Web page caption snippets
════════════════
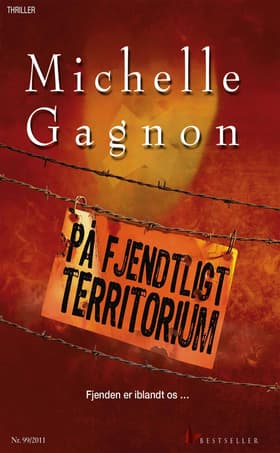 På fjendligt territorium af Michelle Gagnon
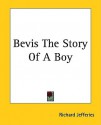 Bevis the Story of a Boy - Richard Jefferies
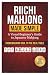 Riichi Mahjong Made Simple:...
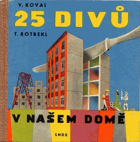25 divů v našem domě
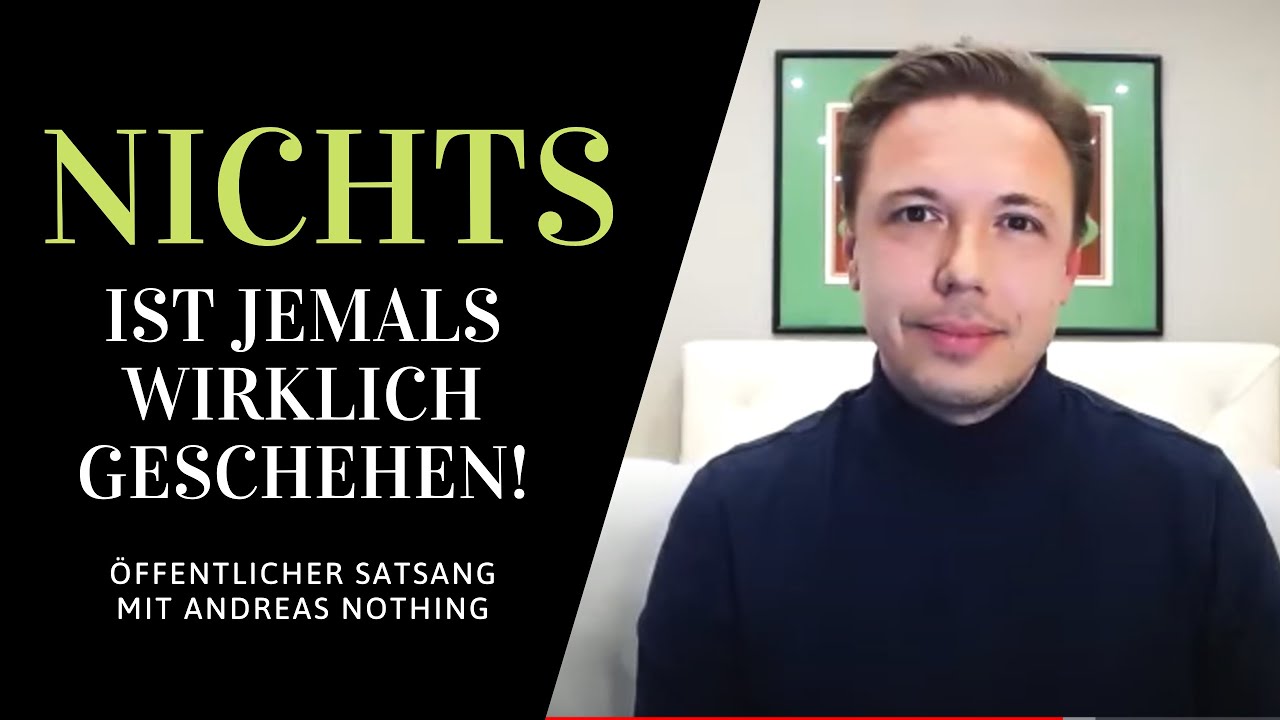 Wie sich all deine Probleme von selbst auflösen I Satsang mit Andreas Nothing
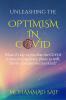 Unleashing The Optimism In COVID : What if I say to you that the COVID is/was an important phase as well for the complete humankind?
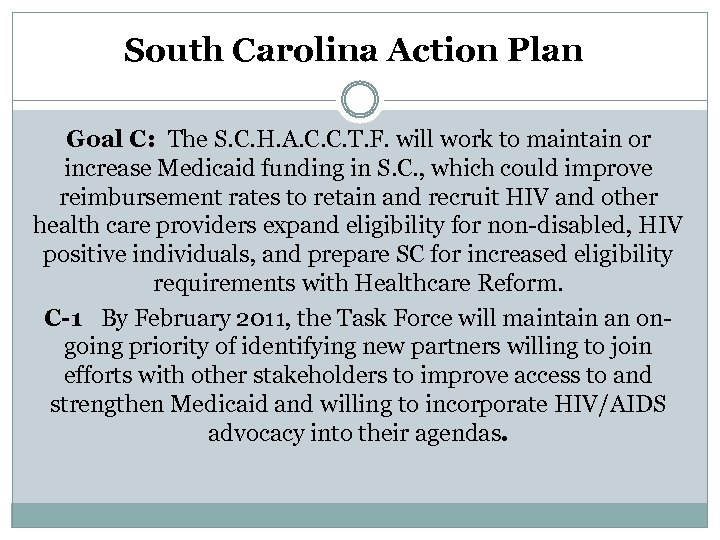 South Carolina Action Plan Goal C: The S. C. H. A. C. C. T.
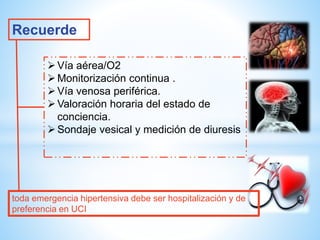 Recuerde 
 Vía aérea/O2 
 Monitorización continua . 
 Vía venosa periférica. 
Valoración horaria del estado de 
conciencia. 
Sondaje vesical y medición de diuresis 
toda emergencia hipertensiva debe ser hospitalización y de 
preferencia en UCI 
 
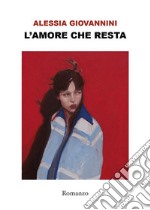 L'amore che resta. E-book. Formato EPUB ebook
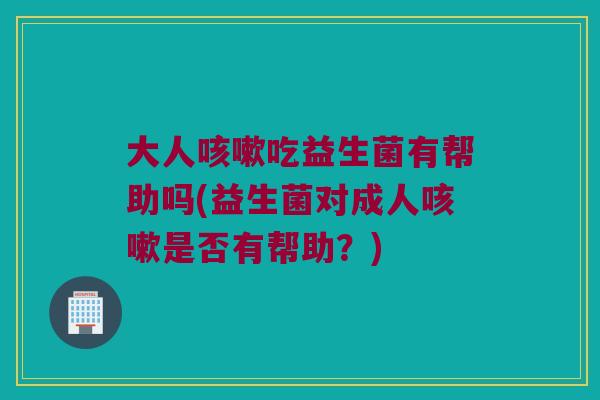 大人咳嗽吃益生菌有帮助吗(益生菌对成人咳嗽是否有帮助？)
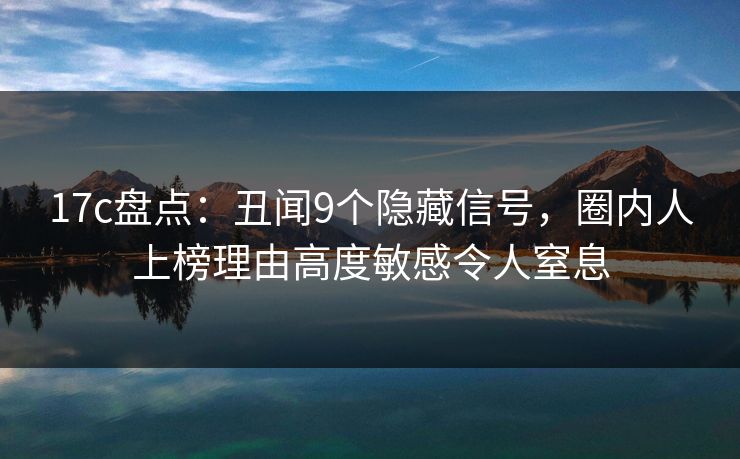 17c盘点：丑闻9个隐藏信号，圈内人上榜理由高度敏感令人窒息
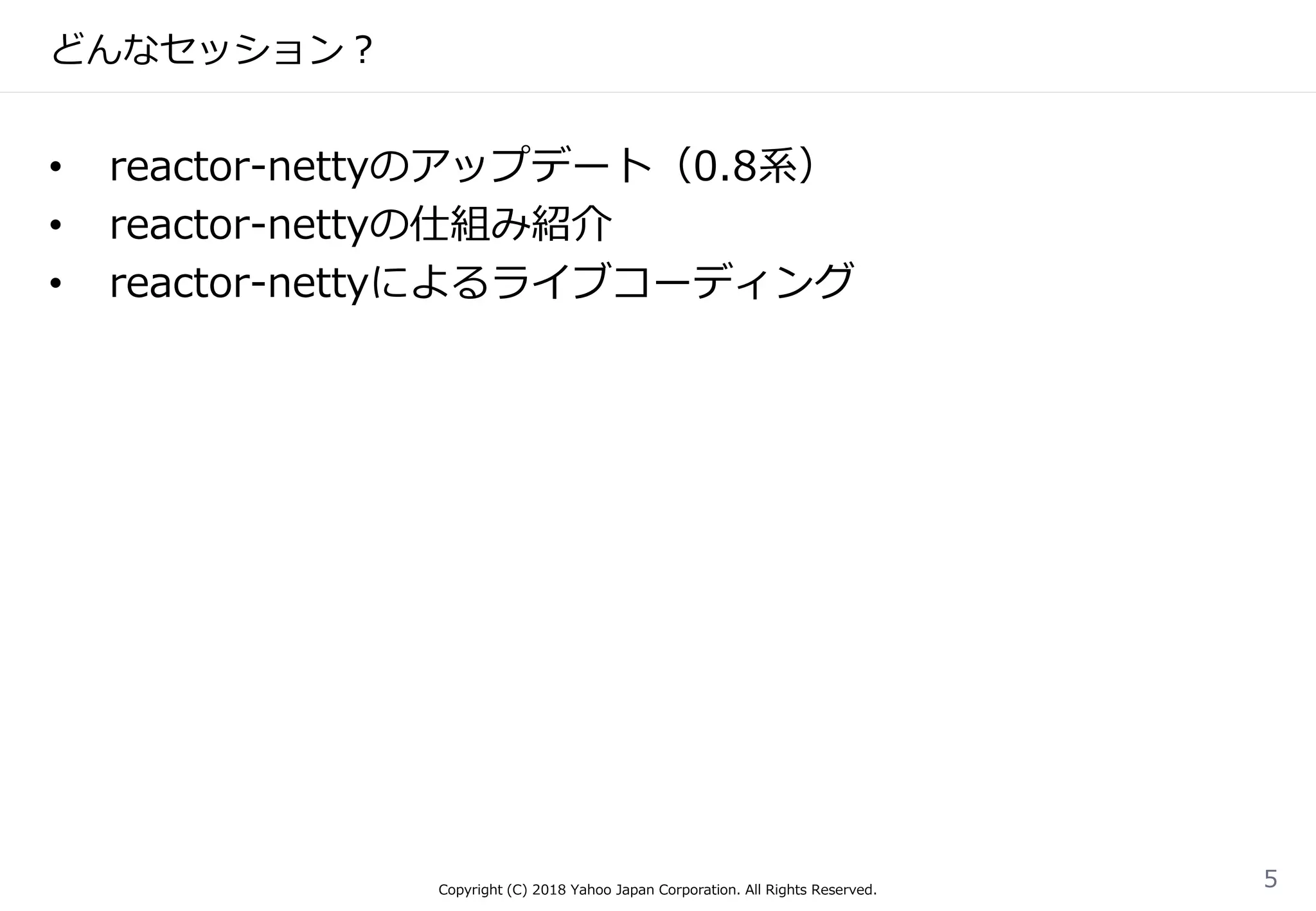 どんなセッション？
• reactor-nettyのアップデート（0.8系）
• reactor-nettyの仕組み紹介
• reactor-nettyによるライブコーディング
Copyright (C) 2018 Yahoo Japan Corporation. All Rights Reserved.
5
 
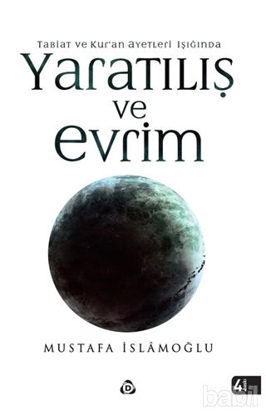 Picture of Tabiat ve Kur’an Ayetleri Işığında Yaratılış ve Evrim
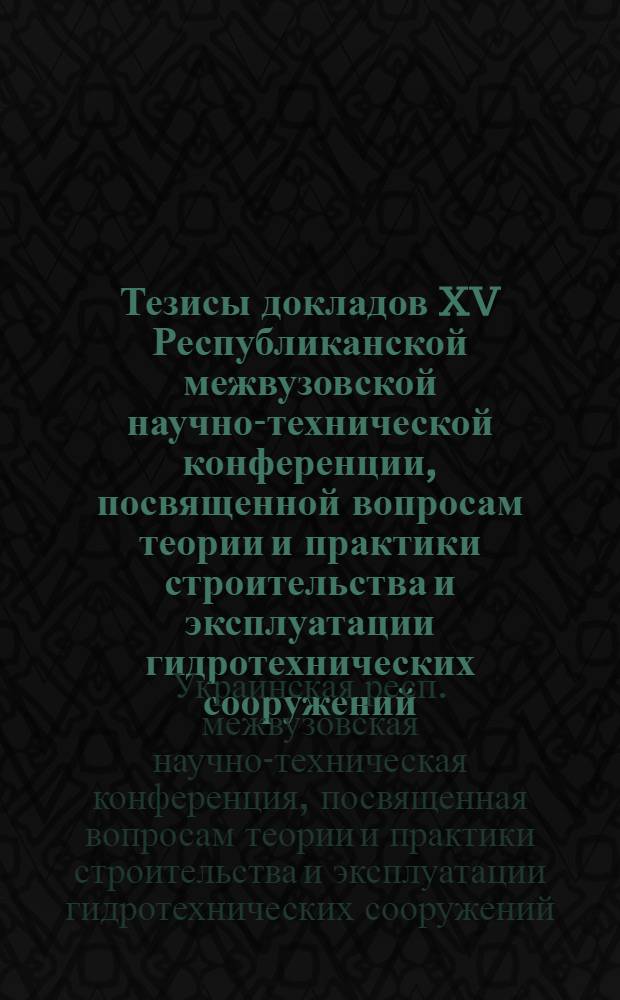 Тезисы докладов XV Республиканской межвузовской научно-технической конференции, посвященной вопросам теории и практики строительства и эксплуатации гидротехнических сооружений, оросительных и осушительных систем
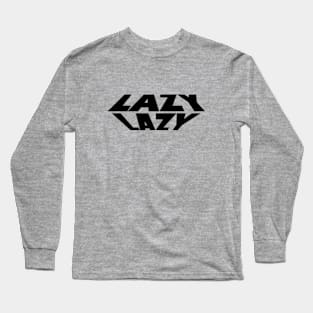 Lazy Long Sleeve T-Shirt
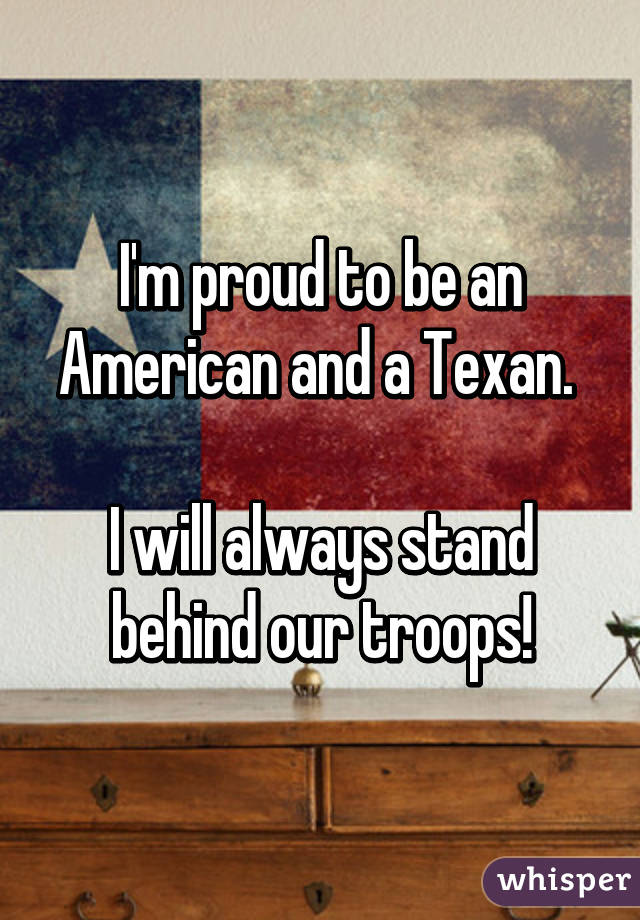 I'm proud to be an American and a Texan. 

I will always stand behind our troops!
════════════════
**Work to be completed**
Pick each line holding "reactor" out of the entries above and return it.

**Task answer**
• reactor-nettyのアップデート（0.8系）
• reactor-nettyの仕組み紹介
• reactor-nettyによるライブコーディング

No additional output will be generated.